Reflecting on the past year, Elizabeth said the group did a community knitting session throughout the West Tamar on a few occasions, with a common comment being made that it was nice to just sit down with people in your community and knit away or do a craft. 

Elizbeth continued, “We thought, what better opportunity: everyone’s got a half-finished project in their cupboard. So, why not bring it down?” 

For individuals who may not have an interest in crafting, there remains a chance to get involved and interact with local residents in the region through engaging in conversations and establishing connections with community members. 

“There are a few here that aren’t doing any craft work but they’re having a lovely time chatting and meeting new people.” Said Roslyn. 

Elizabeth added “Without any expectations as well, which I think is important.” 

When asked about the potential impact of initiatives like this on the community, Roslyn conveyed her optimistic anticipation. “I sincerely hope that it will have a vital impact and get people meeting their neighbours and talking around because there are a lot of lonely people, particularly retired people, who don’t know what to do or where to go.” She continued, “Getting in the bus and going into Launceston is a major trip for them, whereas if you have something locally, they can trot along and enjoy meeting new people.” 

Building upon this perspective, Elizabeth further shared they would gauge the room to see if there was a call for it. 

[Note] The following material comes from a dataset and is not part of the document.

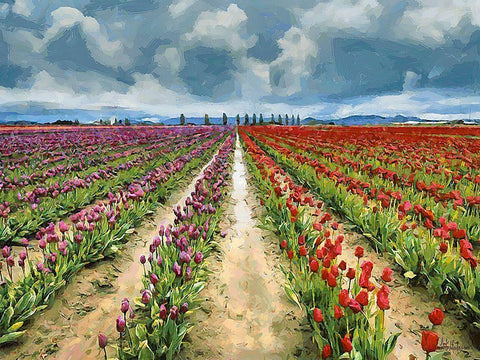 Tulip Field II Black Ornate Wood Framed Art Print with Double Matting by Medeiros, Celito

“We might look at doing it every couple of months and just bringing people together, that’s a bit of a test today and so far, people seem to be enjoying and just relaxing.” 

Whilst the committee don’t have a dedicated transport service, there are certain situations where they do arrange transportation based on the nature of the activity. For instance, they might organise pick-up locations for bus trips. However, Elizabeth acknowledged that their primary focus is on providing the venue and the opportunities for engagement. 

“CTST [Community Transport Services Tasmania] operate in the West Tamar, and they do a really good service where they can carpool to and pick up multiple people along the way if they’re going to the same location, so there’s definitely services there, but no, unfortunately we don’t have the budget capacity to offer a mode of transport.” Elizabeth said. 

For anyone looking to join, Roslyn said the committee had just recently instigated a new form of membership. “We have a committee, and we have a cut-off point of 14 people on that committee, but we’ve got so many people now wanting to become involved, that we now have general membership.” She continued, “General membership they can join and they will receive notification of what we as a committee are doing and they don’t have to rock up to a meeting every month they can just come along to the various functions that we put on.” 

“If anyone’s looking to see what the Positive Ageing Committee is doing in general, we actually have our own Facebook page, ‘West Tamar Positive Ageing Committee’. We also advertise our activities in the West Tamar Council’s beacon down the bottom, there’s all our events and activities.” Elizabeth said. 

“We also do flyer drops and things like that. So, we’d encourage everyone to get the beacon because then you know you’re getting it monthly, then you know you’re up to date.”  

The flyers are also available for collection from the visitor information centre in Exeter.  

“We just hope that people continue to get interested in what the Positive Ageing Committee is doing, and if they’ve got the questions just to contact Council and go from there.” Elizabeth said.